Problem to work on = Omit the pictures. Transcribe exactly the lines below, from the one with "Корабль сувенирный средний" up to and including the last.

Information supplied =
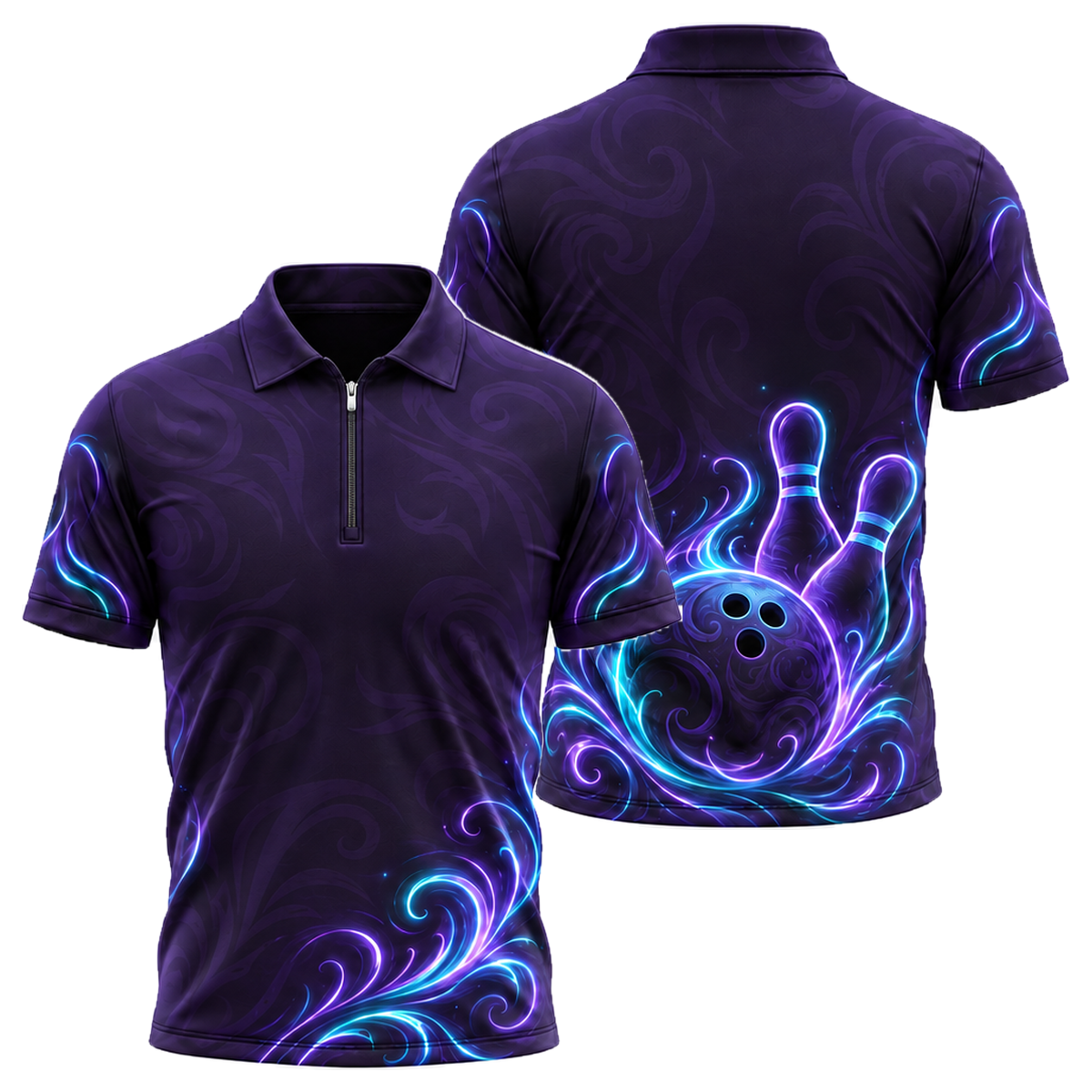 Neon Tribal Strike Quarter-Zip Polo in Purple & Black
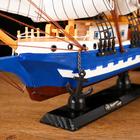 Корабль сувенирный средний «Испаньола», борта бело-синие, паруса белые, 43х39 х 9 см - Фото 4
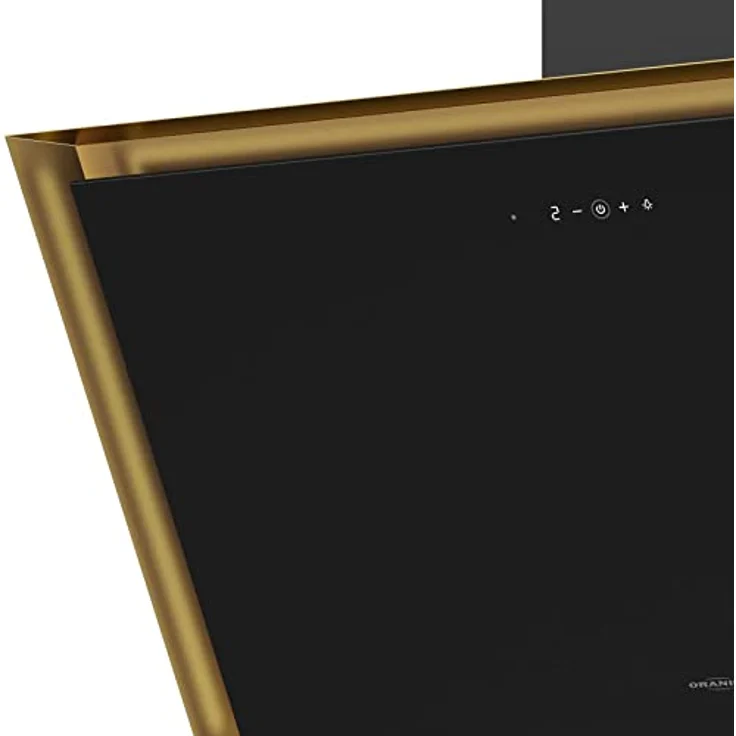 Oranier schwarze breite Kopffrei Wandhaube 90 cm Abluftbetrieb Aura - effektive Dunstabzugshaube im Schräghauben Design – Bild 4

Solution to the exercise =
 Корабль сувенирный средний «Испаньола», борта бело-синие, паруса белые, 43х39 х 9 см - Фото 4
 Oranier schwarze breite Kopffrei Wandhaube 90 cm Abluftbetrieb Aura - effektive Dunstabzugshaube im Schräghauben Design – Bild 4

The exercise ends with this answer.